Member of the House of Representatives; from Hiroshima;
- In office 10 April 1946 – 23 December 1948
- Preceded by: Constituency established
- Succeeded by: Hayato Ikeda
- Constituency: At-large district (1946–1947) 2nd district (1947–1948)

Personal details
- Born: 21 September 1896 Zeze, Shiga, Japan
- Died: 14 March 1954 (aged 57)
- Party: Democratic
- Other party: Liberal (1945–1948)
- Alma mater: Tokyo Women's Higher Normal School

= Kiyo Takeda =

Japanese politician (1896–1954)

Kiyo Takeda (武田キヨ; 21 September 1896 – 14 March 1954) was a Japanese educator and politician. She was one of the first group of women elected to the House of Representatives in 1946.

==Biography==
Takeda was born in Zeze (now part of Ōtsu) in 1896. The family later moved to Yamaguchi Prefecture when her father was transferred there for work. She attended Yamaguchi Girls' School and graduated from Tokyo Women's Higher Normal School in 1919. She subsequently worked as a teacher at Kure Girl's High School and Kure Port Junior High School, and served as headmistress of several schools including Tokyo Yakumo Girls' School.

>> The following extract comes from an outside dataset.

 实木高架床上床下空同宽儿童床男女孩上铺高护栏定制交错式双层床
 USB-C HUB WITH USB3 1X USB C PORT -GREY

After World War II, Takeda joined the Liberal Party. She was a candidate for the party in Hiroshima in the 1946 general elections (the first in which women could vote), and was elected to the House of Representatives. She was re-elected in the 1947 elections, shortly after which she joined the Democratic Party. She lost her seat in the 1949 elections and died of a cerebral haemorrhage in 1954.